_EXERCISE DETAILS_
Repeat the material in full. Keep every line exactly as it is.

_DATA SECTION_
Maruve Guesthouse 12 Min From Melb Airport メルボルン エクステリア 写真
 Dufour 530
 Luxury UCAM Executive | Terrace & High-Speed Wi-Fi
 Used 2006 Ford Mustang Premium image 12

_SOLUTION_
Maruve Guesthouse 12 Min From Melb Airport メルボルン エクステリア 写真
 Dufour 530
 Luxury UCAM Executive | Terrace & High-Speed Wi-Fi
 Used 2006 Ford Mustang Premium image 12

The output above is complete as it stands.